There are cards. Many, many cards. Two hundred sixty-five two-inch, round-cornered, nicely finished, fun-to-hold square cards, each describing an attribute that can be more or less reasonably attributed to something.

I select, at random:

“comes in an odd numbers”

“fits in a car trunk”

“usually holds other things”

The task is to think of something that all of these things would describe. One might say, for example, “a shopping bag.” And reasonable others would have to admit that a shopping bag does in truth come in odd numbers (e.g. one), fit in a car trunk, and usually holds other things. Of course, if you had more cards (and you, in fact, you have the prescribed five), you would be sorely tempted to use as many more of them as you could. “Hmm,” you opine, “could a shopping bag be, as this other card describes, ‘used to build something’?” Probably not. More than likely, should you make such a claim, you would be voted down, and you would lose your turn. Is there anything else, then, that comes in odd numbers, fits in a car trunk, usually holds other things and is used to build something?” How about a bag of nails? Perfect, no? Now, if only a bag of nails were “often considered romantic.”

Of course, unless you play first, you have to add your cards to cards already played, crossword-like. And your goal is to play all your cards. And, though you have five cards in your hand, you actually have a stock of 15 with which to dispense.

And then there are the strategically pleasing exigencies. For example, should you be able to play four of your cards, you may give away your remaining card to any of your opponents. And in the event that you are so lucky, and so linguistically well-endowed that you manage to employ all five cards, you may give two of the cards from your stock to the unlucky, but deserving player of your choice. And, potentially even more profoundly satisfying, if you add a number of your cards to an existing row or column of four or more cards, you get to give away an equal number of cards, much to your advantage, and equally as much to the disadvantage of your preferred victim. Keeping in mind, of course, that the more cards you hope to use, the more arduous the feat of reasoning required to make sense of them all.
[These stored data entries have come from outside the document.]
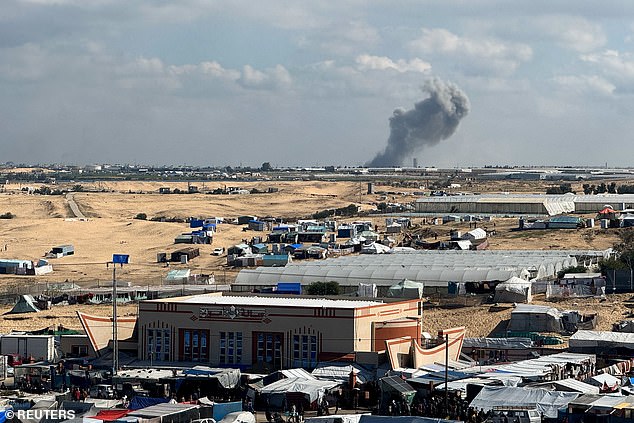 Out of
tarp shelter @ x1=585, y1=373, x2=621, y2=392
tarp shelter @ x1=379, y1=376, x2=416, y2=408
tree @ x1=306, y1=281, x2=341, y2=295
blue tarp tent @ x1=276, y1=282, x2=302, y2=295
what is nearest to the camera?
tarp shelter @ x1=379, y1=376, x2=416, y2=408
And then there’s the aesthetic, but unscored delight that comes from proving yourself so extremely clever that one of the cards in the row you’ve created connects to a column of other cards in crossword-like manner, and you are able to produce an acceptable definition for both.

Cleverness, in sum, is what it’s all about –  cleverness and convincingness –  and luck, and playing with people who see reason in being reasonable, and have a well-established sense of humor.

FitzIt, they claim, is a game for two or more players. The “and more” part, I believe, is probably not more than, what, 28, figuring 7 players per team. All in all, a party game. And even if only two people are playing, a party game of major fun proportions.

FitzIt was designed by Jack Degnan and is published by Gamewright.